Last week Ratanakkiri Provincial Court sent more than 30 police, military police and RCAF soldiers to evict ten families who were living on a 25-meter by 65-meter plot of land in Banlung’s Laban Siek commune.
The provincial court had ordered the land vacated as it belonged to Kuy Yan, the wife of Suong Piseth, the former director of the provincial department of public works. Mr Piseth also claims ownership of the land.
In a letter dated Oct 22, Justice Minister Ang Vong Vattana told Ratanakkiri Provincial Court to temporarily halt implementing the Supreme Court eviction order from June, as Mr Piseth had lodged a complaint over the verdict and had called on the court to reinvestigate and rehear the case.
“The ministry would like the Provincial Court President and prosecutor to look into the proposal” to halt eviction order until the Supreme Court had handled Mr Piseth’s complaint, the letter said.
Mr Piseth could not be reached for comment yesterday, but in a letter to the Ministry of Justice dated Oct 15 he had requested delaying the eviction order, as he argued he had given the disputed land to his brother Doeurn Chan to settle a $6,000 debt, after which Mr Chan sold the land to nine local families.

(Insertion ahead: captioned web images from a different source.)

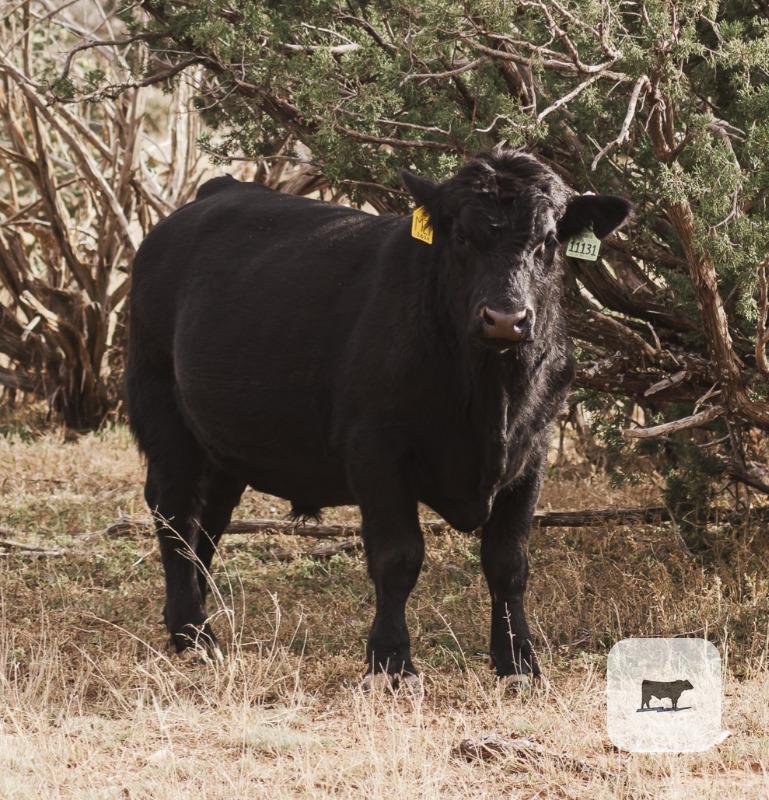 Cattle Range Listing Photo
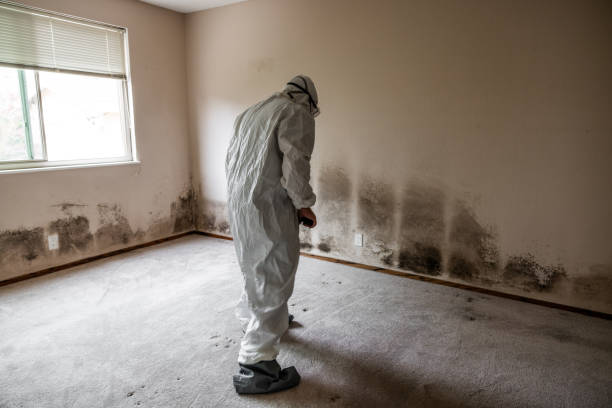 Best Residential Mold Removal  in Williamsburg, KY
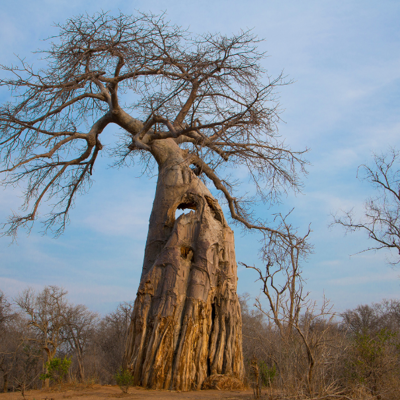 Explore wild, remote Gonarezhou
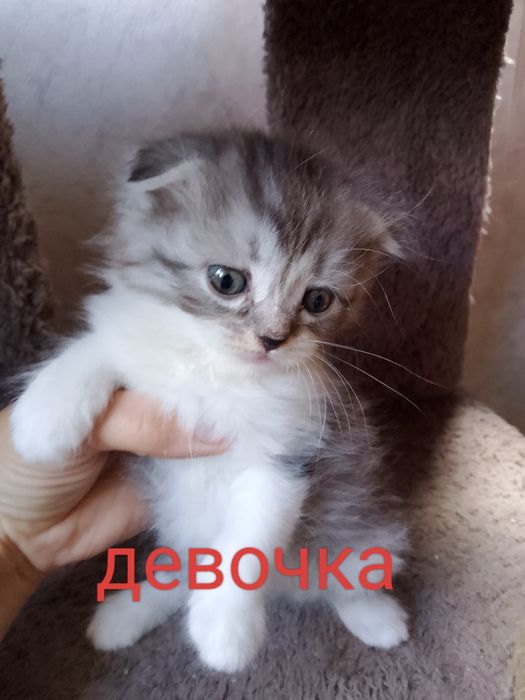 Продаютс породистые котята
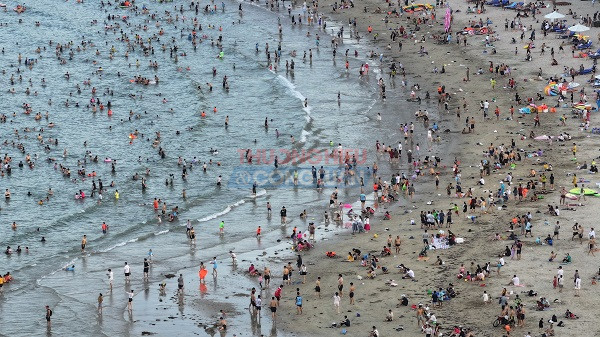 Du kh&aacute;ch tắm biển tại b&atilde;i tắm H&ograve;n Chồng, P. Nam Nha Trang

He wrote that the court verdict “is not correct,” as he still owned the land, which he acquired from Ratanakkiri provincial authorities in 1996. Mr Piseth wrote that because he is in the process of divorcing his wife, the court’s eviction order “harms my interest in dividing our properties.”
Ms Yan has claimed ownership of the land since 2005 and has won court battles over the land at Ratanakkiri Provincial Court, the Appeals Court and at the Supreme Court. She could not be reached for comment yesterday.

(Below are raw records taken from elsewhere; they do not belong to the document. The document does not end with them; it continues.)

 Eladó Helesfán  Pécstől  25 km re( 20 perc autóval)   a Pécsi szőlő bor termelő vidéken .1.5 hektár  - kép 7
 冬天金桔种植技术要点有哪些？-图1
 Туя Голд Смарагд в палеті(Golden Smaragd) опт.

Ratanakkiri Provincial Court deputy prosecutor Ros Saram, who had started carrying out the eviction ordered by the Supreme Court last week, said so far only one family had been evicted.
“I could not comment on whether we are going to halt the Supreme Court’s eviction order as the Minister of Justice requested,” he said.

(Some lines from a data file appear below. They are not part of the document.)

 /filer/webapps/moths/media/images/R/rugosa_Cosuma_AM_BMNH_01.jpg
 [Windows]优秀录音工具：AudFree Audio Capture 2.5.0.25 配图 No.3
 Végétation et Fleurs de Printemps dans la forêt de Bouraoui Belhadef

Lou Sou Sambath, Ratanakkiri Provincial Court director, said the minister’s intervention was legally sound.
“When the Ministry of Justice inspects through its inspection process, the minister can intervene at the court… for a temporary suspension to ensure justice is offered to all parties involved,” he said.
Nuon Mol, a provincial police officer who claims he had bought part of the disputed land, said he was glad for the minister’s intervention. Mr Mol said more investigation was required before the Supreme Court could rule in the long-running case.
“Basically the court’s decision… was made without proper investigation,” he said.
Minister of Justice Vong Vattana could not be reached for comment yesterday on his decision to intervene in the case.